* **Input**:
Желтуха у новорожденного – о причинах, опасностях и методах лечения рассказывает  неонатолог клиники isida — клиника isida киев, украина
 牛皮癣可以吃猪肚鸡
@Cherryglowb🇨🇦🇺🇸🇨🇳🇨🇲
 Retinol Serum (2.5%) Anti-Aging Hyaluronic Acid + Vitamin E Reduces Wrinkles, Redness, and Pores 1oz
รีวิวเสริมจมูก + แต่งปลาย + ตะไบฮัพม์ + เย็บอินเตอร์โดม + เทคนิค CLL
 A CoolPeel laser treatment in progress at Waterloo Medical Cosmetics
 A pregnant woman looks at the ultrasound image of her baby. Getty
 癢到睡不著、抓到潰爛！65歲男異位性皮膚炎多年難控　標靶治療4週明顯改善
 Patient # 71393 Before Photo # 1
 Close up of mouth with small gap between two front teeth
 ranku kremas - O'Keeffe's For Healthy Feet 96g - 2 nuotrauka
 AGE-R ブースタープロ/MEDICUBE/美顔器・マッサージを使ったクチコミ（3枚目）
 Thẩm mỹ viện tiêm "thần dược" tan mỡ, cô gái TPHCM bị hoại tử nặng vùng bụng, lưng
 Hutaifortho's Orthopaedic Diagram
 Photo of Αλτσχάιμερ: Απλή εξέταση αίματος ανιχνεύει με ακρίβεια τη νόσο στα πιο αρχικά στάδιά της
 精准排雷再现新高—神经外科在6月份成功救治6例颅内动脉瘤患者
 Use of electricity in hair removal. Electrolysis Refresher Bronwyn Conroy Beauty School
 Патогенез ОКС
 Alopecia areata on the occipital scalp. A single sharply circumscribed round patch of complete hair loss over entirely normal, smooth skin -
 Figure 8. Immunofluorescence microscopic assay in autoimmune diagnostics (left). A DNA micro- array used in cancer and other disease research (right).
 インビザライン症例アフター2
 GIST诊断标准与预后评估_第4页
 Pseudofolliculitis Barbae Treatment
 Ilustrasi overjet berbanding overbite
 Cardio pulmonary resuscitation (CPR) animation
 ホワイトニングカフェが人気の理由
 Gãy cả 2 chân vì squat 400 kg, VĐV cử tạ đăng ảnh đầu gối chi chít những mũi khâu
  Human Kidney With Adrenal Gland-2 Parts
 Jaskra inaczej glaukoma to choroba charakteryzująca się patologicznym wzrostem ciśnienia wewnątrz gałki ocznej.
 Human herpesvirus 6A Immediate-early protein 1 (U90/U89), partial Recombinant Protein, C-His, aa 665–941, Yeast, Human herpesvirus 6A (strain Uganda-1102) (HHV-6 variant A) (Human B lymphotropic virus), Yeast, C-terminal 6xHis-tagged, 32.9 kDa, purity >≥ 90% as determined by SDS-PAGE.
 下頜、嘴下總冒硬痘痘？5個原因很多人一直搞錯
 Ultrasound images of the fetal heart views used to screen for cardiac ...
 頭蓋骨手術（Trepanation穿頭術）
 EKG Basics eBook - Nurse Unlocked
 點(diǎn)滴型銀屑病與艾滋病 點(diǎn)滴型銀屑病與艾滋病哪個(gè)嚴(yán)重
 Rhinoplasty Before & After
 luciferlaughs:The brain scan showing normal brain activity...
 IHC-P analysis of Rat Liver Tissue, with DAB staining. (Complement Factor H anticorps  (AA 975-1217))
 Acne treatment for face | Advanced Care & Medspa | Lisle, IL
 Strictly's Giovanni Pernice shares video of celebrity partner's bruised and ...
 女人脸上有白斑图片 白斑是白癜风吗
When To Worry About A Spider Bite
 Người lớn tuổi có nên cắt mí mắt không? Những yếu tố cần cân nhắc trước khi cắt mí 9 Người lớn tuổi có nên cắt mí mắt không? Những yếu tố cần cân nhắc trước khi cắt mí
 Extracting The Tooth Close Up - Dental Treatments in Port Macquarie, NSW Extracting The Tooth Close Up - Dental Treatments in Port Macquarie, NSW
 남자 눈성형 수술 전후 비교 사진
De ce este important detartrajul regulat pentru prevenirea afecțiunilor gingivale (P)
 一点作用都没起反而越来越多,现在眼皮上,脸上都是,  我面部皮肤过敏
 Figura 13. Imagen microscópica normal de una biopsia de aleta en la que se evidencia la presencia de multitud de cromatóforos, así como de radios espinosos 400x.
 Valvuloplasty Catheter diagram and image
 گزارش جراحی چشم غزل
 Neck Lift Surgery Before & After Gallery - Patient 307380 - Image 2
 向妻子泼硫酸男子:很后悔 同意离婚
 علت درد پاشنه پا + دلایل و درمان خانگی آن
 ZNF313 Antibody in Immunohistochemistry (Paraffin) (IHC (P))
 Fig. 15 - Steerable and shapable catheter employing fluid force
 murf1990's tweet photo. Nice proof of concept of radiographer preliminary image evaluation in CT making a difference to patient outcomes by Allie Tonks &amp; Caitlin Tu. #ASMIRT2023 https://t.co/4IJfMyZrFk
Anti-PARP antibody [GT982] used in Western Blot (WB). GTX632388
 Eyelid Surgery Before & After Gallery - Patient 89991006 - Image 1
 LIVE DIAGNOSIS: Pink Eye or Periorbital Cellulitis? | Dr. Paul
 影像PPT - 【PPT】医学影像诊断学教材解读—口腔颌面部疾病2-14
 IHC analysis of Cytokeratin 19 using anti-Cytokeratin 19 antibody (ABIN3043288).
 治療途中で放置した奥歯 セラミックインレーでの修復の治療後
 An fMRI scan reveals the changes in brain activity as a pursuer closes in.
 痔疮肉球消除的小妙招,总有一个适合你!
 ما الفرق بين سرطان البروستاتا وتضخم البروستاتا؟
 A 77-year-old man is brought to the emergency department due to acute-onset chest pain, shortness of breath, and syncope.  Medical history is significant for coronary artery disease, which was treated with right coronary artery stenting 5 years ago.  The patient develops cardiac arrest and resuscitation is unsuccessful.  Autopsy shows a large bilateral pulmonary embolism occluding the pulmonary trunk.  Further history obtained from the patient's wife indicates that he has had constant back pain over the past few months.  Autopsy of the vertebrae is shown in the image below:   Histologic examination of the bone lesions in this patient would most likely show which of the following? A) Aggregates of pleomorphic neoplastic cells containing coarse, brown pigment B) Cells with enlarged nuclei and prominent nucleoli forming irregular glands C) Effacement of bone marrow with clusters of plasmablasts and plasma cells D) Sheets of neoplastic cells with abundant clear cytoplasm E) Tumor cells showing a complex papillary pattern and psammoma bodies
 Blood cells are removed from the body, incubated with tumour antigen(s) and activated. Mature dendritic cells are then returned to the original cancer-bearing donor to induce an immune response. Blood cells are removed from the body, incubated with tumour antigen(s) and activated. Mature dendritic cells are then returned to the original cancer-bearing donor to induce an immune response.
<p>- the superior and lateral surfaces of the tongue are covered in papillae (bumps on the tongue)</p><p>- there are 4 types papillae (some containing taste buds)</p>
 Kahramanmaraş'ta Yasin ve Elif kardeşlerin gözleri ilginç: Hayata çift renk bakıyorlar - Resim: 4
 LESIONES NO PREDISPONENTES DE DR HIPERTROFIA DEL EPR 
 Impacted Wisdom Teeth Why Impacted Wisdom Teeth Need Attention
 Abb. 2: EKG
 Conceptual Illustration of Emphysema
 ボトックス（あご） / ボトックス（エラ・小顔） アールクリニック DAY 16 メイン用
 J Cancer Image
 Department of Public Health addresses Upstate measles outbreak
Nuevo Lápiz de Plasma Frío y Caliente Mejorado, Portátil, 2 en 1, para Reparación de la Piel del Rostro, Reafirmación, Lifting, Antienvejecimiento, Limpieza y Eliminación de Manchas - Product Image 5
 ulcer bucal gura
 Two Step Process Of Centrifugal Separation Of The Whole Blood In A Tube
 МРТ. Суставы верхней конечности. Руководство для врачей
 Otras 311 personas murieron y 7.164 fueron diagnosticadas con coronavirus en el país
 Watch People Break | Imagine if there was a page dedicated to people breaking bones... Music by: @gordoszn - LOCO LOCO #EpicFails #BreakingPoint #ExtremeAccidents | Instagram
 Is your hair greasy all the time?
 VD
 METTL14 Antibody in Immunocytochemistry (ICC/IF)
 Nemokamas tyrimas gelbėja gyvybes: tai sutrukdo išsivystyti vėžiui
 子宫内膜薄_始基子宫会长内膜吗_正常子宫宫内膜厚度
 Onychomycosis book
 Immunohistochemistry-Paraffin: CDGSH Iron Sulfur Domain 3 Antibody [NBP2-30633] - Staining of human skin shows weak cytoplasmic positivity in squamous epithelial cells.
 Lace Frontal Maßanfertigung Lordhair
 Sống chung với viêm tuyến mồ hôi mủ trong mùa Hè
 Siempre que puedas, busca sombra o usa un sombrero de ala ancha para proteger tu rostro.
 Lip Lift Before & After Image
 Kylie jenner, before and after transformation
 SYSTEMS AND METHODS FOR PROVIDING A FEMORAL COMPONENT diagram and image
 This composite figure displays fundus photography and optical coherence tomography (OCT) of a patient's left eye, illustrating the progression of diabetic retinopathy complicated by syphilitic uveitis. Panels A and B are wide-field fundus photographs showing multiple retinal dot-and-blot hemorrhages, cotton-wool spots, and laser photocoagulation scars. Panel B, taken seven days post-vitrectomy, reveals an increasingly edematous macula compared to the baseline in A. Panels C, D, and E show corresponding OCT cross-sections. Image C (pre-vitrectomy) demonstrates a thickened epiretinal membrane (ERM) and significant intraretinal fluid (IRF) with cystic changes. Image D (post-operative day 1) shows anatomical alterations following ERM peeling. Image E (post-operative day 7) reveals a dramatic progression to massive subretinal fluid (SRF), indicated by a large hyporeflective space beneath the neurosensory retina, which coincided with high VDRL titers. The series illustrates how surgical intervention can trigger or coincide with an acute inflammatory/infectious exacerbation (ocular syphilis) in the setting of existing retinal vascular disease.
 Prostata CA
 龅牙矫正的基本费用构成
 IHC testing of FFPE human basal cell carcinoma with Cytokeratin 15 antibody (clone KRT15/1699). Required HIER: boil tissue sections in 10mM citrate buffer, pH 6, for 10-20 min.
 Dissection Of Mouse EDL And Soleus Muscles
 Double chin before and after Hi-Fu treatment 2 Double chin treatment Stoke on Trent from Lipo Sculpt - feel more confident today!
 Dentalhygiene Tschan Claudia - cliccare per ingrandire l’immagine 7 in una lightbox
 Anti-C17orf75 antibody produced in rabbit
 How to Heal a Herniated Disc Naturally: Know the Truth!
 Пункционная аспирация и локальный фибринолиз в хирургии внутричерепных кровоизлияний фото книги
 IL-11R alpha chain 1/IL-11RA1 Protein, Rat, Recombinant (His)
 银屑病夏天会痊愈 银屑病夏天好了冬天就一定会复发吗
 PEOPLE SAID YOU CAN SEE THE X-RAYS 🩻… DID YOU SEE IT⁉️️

* **What needs to be done**: Look back at the data above. Transcribe exactly the lines starting at the line that contains "Anti-PARP antibody [GT982]" and ending at the line that contains "ما الفرق بين".

* **Response**:
Anti-PARP antibody [GT982] used in Western Blot (WB). GTX632388
 Eyelid Surgery Before & After Gallery - Patient 89991006 - Image 1
 LIVE DIAGNOSIS: Pink Eye or Periorbital Cellulitis? | Dr. Paul
 影像PPT - 【PPT】医学影像诊断学教材解读—口腔颌面部疾病2-14
 IHC analysis of Cytokeratin 19 using anti-Cytokeratin 19 antibody (ABIN3043288).
 治療途中で放置した奥歯 セラミックインレーでの修復の治療後
 An fMRI scan reveals the changes in brain activity as a pursuer closes in.
 痔疮肉球消除的小妙招,总有一个适合你!
 ما الفرق بين سرطان البروستاتا وتضخم البروستاتا؟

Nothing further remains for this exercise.